My auction lot included one more surprise--the box that the tool bits were shipped in!






Detail of the box:






My collection of Deloro Stellite:





Anyway, I thought this was a neat bit of Canadian history--even if Deloro failed to dominate the world market for machine tool bits!  AIUI, stellite is still used in certain applications where its resistance to heat and wear is important.

Craig

PS If you want to grind cast alloy tools, check the conradhoffman site for safety warnings about the cobalt content.  Also that you shouldn't quench during grinding as it wrecks the structure of the metal.


----------



## Chicken lights (Jan 27, 2022)

trlvn said:


> Over the past few years, I've purchased lathe tool bits in several different auction lots.  A few of them were marked "Deloro Stellite".
> 
> Stellite is one of the "Cast Alloy" products that was all set to supersede high speed steel around the WWI era.  Basically, you can run cast alloy lathe tool bits at roughly twice the speed of HSS which was, of course, hugely appealing to industry when HSS was the limiting factor in production.  But then (and I'm not exactly clear on the timing), carbide tooling came along and cast alloy became a footnote in history.    HSS is magnetic but cast alloys are not so that can be a clue as to which is what.
> 
> ...


You’re making my memory work hard here but I believe chainsaw bar tips had a stellite outer edge on the more expensive ones. Possibly the replacement tips as you’d expect more wear on those. 
It possibly was the bar rails too, I know they are a laminate build, soft cheap steel for the body but the wear surfaces were different for longevity


----------



## RobinHood (Jan 27, 2022)

That is a good story @trlvn. Good to see you got really good quality tool blanks.
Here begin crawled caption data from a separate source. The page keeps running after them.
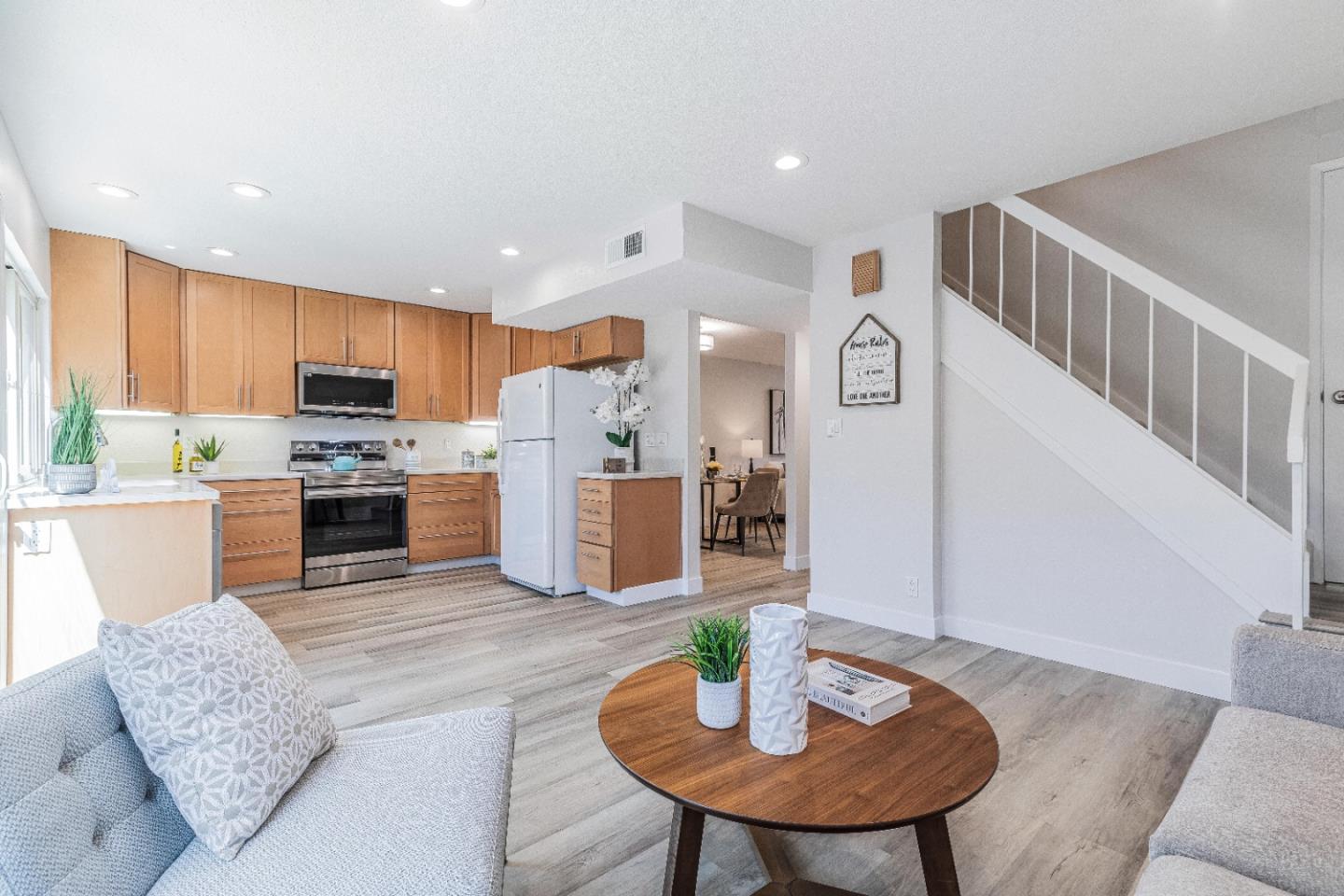 548 W Latimer AVE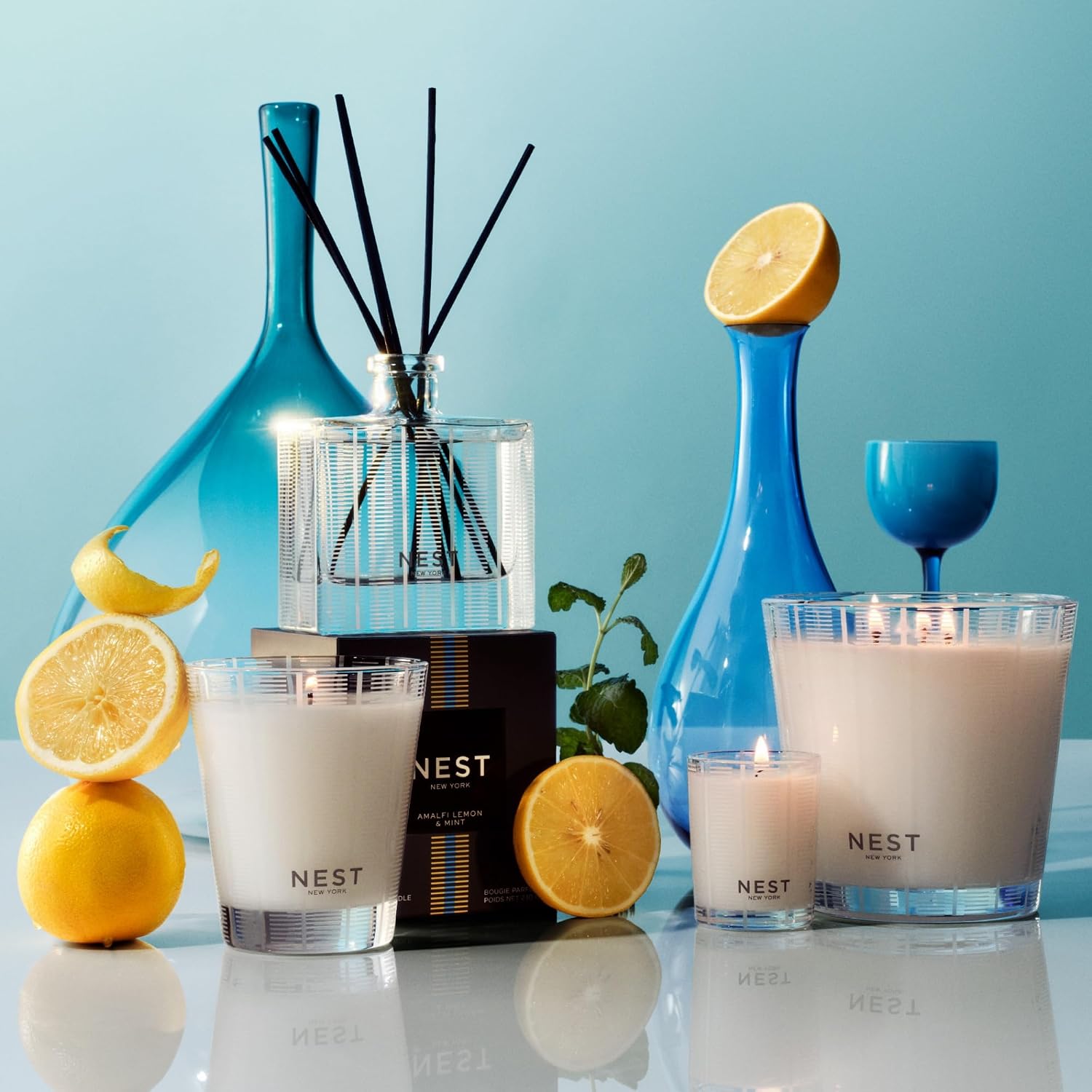NEST New York Scented Classic Candle, Grapefruit - 8.1 oz - Up to 60-Hour Burn Time - Reusable Glass Vessel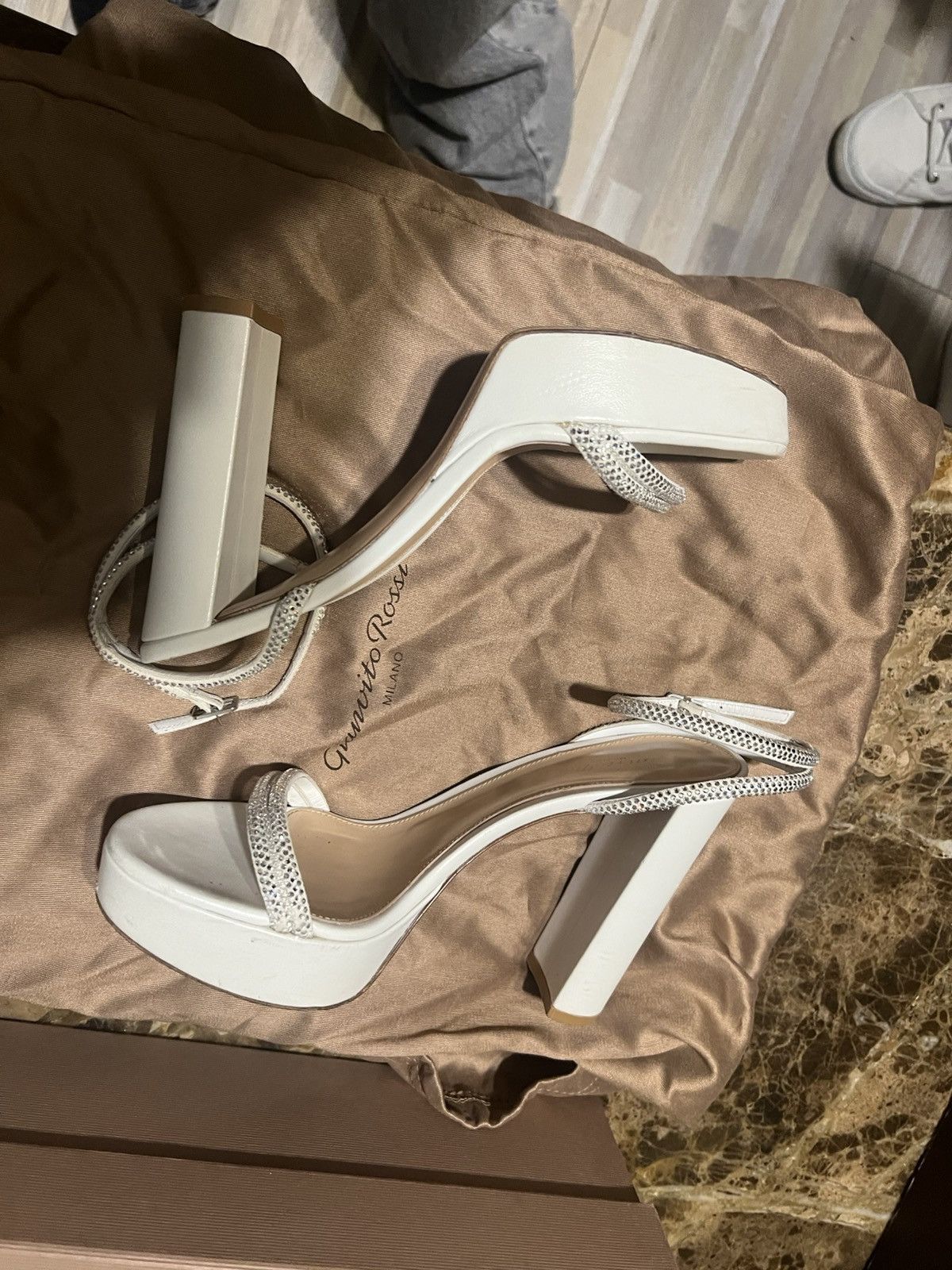 Gianvito Rossi Gianvito rossi bridal heels Size US 7.5 / IT 37.5 - 4 Thumbnail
You know that Stellite is not dead yet in Canada? It can still be bought.

Check this out…




__





						Home
					






					www.stellite.com


----------



## trlvn (Jan 27, 2022)

RobinHood said:


> That is a good story @trlvn. Good to see you got really good quality tool blanks.
> 
> You know that Stellite is not dead yet in Canada? It can still be bought.
> 
> ...


Cool!  I had read that Kennametal bought the North American business but I hadn't found that page.

Thanks.

Craig


----------



## RobinHood (Jan 27, 2022)

Any time.


----------



## whydontu (Jan 27, 2022)

fun fact - 99.999% of every valve in the world used on steam service over 15 PSI has Stellite 6 sealing surfaces. Harder than the hobs of Hell, maintains physical properties at +900*F, resists wire draw.  I’d love to compare one to carbide. I’d bet that nicely sharpened Stellite would be a zillion times better than carbide inserts in the mostly low-horsepower gear we hobbyists tend to have.


----------



## deleted_user (Jan 27, 2022)

trlvn said:


> Over the past few years, I've purchased lathe tool bits in several different auction lots.  A few of them were marked "Deloro Stellite".
> 
> Stellite is one of the "Cast Alloy" products that was all set to supersede high speed steel around the WWI era.  Basically, you can run cast alloy lathe tool bits at roughly twice the speed of HSS which was, of course, hugely appealing to industry when HSS was the limiting factor in production.  But then (and I'm not exactly clear on the timing), carbide tooling came along and cast alloy became a footnote in history.    HSS is magnetic but cast alloys are not so that can be a clue as to which is what.
> 
> ...


very cool...museum pieces


----------



## johnnielsen (Jan 29, 2022)

Stellite embedded in a silver brazing rod was used to build up the huge reamers (9" OD by 80" long) for sizing oil well bores in the 1970s.


----------